パラノマサイト Steam販売ページより
《蘇りの秘術》と関係するという葉子の話を半信半疑で聞き流していた興家だったが、
目の前で次々と奇妙なことが起こり始める‥‥。
時を同じくして、《本所七不思議》を追う人々がいた。
連続変死事件を追う刑事、クラスメイトの自殺事件の真相を求める女子高生、そして失った息子の復讐を誓う母親。
本所七不思議を中心にそれぞれの思惑が絡みあい、物語は凄惨な呪い合いへと発展していく。
昭和後期の墨田区を舞台としたホラー要素のあるミステリーADVゲームで、ホラーよりもミステリーに重きを置いた作品となっています。
現実の日本を舞台にしつつ、「七不思議」「呪い」「蘇りの秘術」といったオカルト要素もふんだんに取り込んでいるのも特徴。
プレイヤーは会話中の選択肢だけでなく様々な仕組みでゲームに関与できたりするので、通常のADVとは少し違った楽しみも味わえるようになっています。
パラノマサイトの良かった点
終始不気味さを醸し出すミステリーADVとしての雰囲気の良さ
呪いや七不思議を扱っているためストーリーは勿論不気味であり、それに加えて絵柄も可愛さがありながらもやや陰りのあるタッチで描かれているので世界観を壊しません。この終始不気味な雰囲気を保てているのが本作の最大の魅力であり、物語に没頭させてくれる良いポイントとなっています。
昭和後期の墨田区を舞台とすることでオカルトを扱いながらも現実っぽさも混在しており、不気味さを更に醸し出しているなと思いました。墨田区に関しては地名くらいしか知らないですが、よく知っている人が受ける印象はまた違うのかなと少し気になります。
また、題材となっている「本所七不思議」自体は江戸時代から伝聞されてきている怪談(都市伝説)として実際に存在しています。こういう現実とフィクションとの狭間を攻めることで不気味さを高めて臨場感を出しているのが面白かったです。
ミスしてもやり直しが効くシステム
細切れのチャプター毎にプレイしていくスタイルなので、何かミスして望まない結果となってしまっても再度チャプターを選択してプレイ開始できるので、ミスを気にせず遊べるのが良かったです。

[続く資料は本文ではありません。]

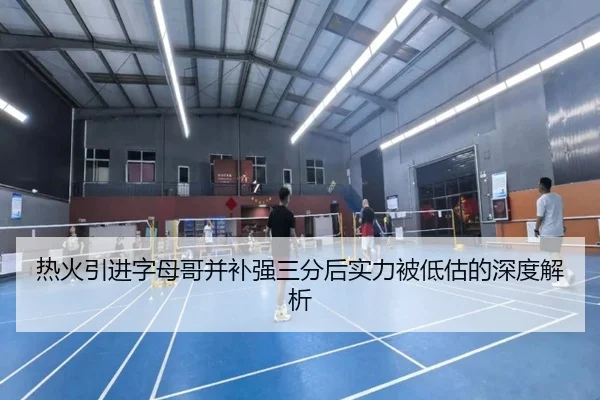热火引进字母哥并补强三分后实力被低估的深度解析 | ayx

チャプターの「初めから」もしくは「途中から」を選べるため、やり直したい箇所に近い所から再開することが出来てとても便利でした。
気になった会話文を再度見返したいときにも割りと簡単に振り返ることができたりするのでその点もやりやすいシステムとなっていました。
充実した作中データベース
推理モノでは情報が多くなりがちでプレイ中にその情報を確認したくなるものですが、本作では作中の情報データベースが「資料」としてまとまり充実していて使い勝手が良く、非常に便利でした。
データベースは基本的にいつでも参照できるため選択肢などで困った時に見れますし、改めて推理したい時に「あれってどうなってたかな?」という疑問もすぐに解消できたのでとても役立ちました。
設定がきちんと作り込まれていて且つ作中のデータベースが充実しているゲームは本当に好印象です。
比較的分かりやすいミステリー要素
個人的な所感としては、本作の推理要素は比較的分かりやすくなっていると思います。出てくる情報をきちんと追っていけば真相にたどり着けるようになっていて、多くの人が「なるほど、そういうことだったのか?!!」という推理ができるように作られていると感じました。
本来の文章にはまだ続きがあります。